More optimization problems

Hello everyone this is the scribe post for May 6, sorry it is late but I had to write the AP calc exam and I was not able to post it earlier. Well in Tuesday's class we only did one question, but there were two others for homework. The first question was about a man who was driving his car through the desert, and wanted to know at what distance he should drive through the desert and the paved road to get to the city B 5km south from city A. He can drive 15mph in the desert and 35mph on the paved road, he is 5 km east of city A. So the maximum distance the man could travel is 5km in the desert and 5km of pavement to get to city B (The diagram is on the slides). So that would be unrealistic, so in order to get the minimum amount of time the car must cut time through the desert and pavement alike. So the pavement equation will become 5km subtract x, x the amount of distance that is going to be cut by driving through the desert. Then the amount of distance driving through the desert is found by a^2 + b^2 = c^2. Where a and b is 5-x. So c is (25+x^2)^.5 (square root is ^.5).

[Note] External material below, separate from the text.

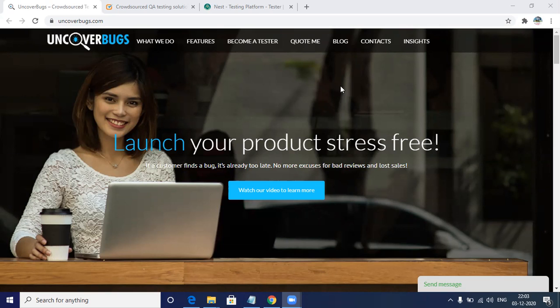The first website is UncoverBugs. This is Philippines' first crowdsourcing platform and testers are of different backgrounds. They are skilled also. You need to be an experienced and certified tester here because it's very important to be certified, and then only you'll be able to get the project. Even if you're not certified, you can still create your profile and try.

As you know Rate, Distance, and Time is all related. Time is Distance over rate. So the total time is (5-x)/35 + ((25+x^2)^.5)/15 =t(x). Solving for the derivative (solved on the slides) , t'(x) =
7x-3((25+x^2)^0.5)/105((25-x^2)^0.5). Now solving for the zero's you get 40x^2-225. So the roots are -15/2((10)^0.5) and 15/2((10)^0.5). We reject the negative value because its not possible in the context of the question. So the man should go and head for the point x = 15/2((10)^0.5), as that point is the minimum value of the First Derivative Function.

Remember to do the other two questions and the homework given in class, the next scribe is Ethan.